Saturday, July 13, 2013

To Share, or Not to Share? My Biggest Blog Dilemma

Image credit: condenaststore.com
I've been blogging for a couple of years now, and I think I'm hooked. Blogging is fun, it's creative, it's often cathartic. And it forces me to write more often, which is great since I am a procrastinator by nature and I need that little nagging voice telling me, "You haven't posted anything in two weeks, girl! Write something already so your blog doesn't stagnate like middle-class wages!"

Many bloggers write emotional exposés, baring their souls naked to the public. I don't mind when other people do that. I like reading them, for the most part (though there's always some that truly over-share, describing ad nauseum every single thing that passes through their head. I'm like, seriously, if I wanted that, I'd just go read Twilight again).

But I have trouble baring my own soul. It's just not my style. Outside of my family and best friends, I'm a fairly private person. I have never craved attention. I'm not necessarily comfortable disclosing intimate details of my life with total strangers. Call it insecurity, call it self-consciousness, whatever, but it's there. There's something about baring my soul publicly that feels insufferably emo to me.
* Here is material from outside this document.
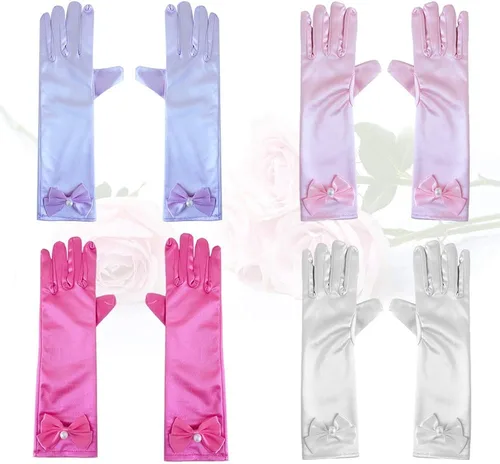 Vista 5 de AUHOKY 4 pares de guantes largos de princesa para niñas pequeñas de 3 a 8 años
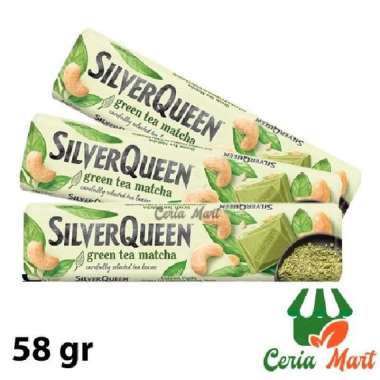 Coklat SilverQueen Matcha green tea cashew nut 65 gr cokelat bar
So what's a privacy-loving blogger to do??

Privacy Is Passé, Right?

I suppose I could just throw in the towel and bare it all on a regular basis.

Pros:

  • Great payoff requires great risk. Tapping into some deeper stuff may make for better writing. Some of my favorite blogs are the ones whose writers go into great detail about what they think and feel. I think it's cool to get inside somebody else's head and realize either how very different, or how very much the same we are inside. But if I'm going to do that myself, I need to get past some stuff.
  • I need to get over myself. I may be too shy and self-conscious for my own good. If something about myself is going to make for an entertaining or relatable blog post, why hold back? Maybe I'm afraid people will laugh at me, middle-school style. But that's the chance you take when you do anything in public, even walk down the street. Dwelling on that possibility is no way to live your life.
  • Words are all I've got. Readers are not gonna get to know me through body language or any of that face-to-face stuff, nor through video, cuz I'm super camera shy (see above about insecurities). My blog won't be truly mine unless I can share what's in my head.
  • Blogs live forever. When I kick the bucket one day, my blog will be a permanent record of myself for anyone to find if they choose to. I don't think it's egomaniacal of me to think that my kids or grandkids might want to read some of it. If my own grandmother or grandfather had had a blog, would I want to read it? Hell yeah, I would. It would be like reading letters or postcards that they wrote back when they were young. I'd be fascinated.

Cons:

  • Over-sharing grates against my nature. For me, writing true emotional exposés on my blog would be akin to flashing my boobs in public. I can share something, but not everything. Privacy is an endangered species—why should I contribute to its demise? I'm horrified enough that I'm caught on camera 800 times a day by the various recording devices in my environment (storefronts, store interiors, the bus, the train, the office building lobby, random tourists with camera phones on Michigan Avenue). It's bad enough that anybody on the internet can look me up and find my address and other details about me (public records). Why would I share even more stuff voluntarily?
  • There's no place to hide. Fiction writers may very well be baring their souls in their novels, but they can hide behind their fictional characters and events. Blogs, not so much. If it's your blog, then it's all you, baby, and everybody knows it.  
  • Blogs live forever. I often want to write about my kids, but I don't, because I think to myself, "What if they read this one day and say 'MOM, TMI! I did not need to know that you hated my guts and fantasized about shipping me off to a gulag camp when I was a teenager!'" I think this sometimes when I read my favorite "mommy blogs." For instance, I adore Baby Sideburns and she cracks me up like no other. But I wonder what her kids will think when they grow up and read about how she called them assholes all the time. Don't get me wrong, little kids absolutely CAN be assholes. But would you say it to their faces?

From a writing standpoint, sharing "just enough" is a welcome challenge. It's tough to balance "Have I shared enough to make this piece worthwhile?" with "Am I OK with this piece living online forever?"

I'll probably end up somewhere in between baring nothing and baring it all. It's not like I have to go to either extreme. But even taking it up a notch is going to require some effort on my part.

Deep breath... time to take myself out of my comfort zone.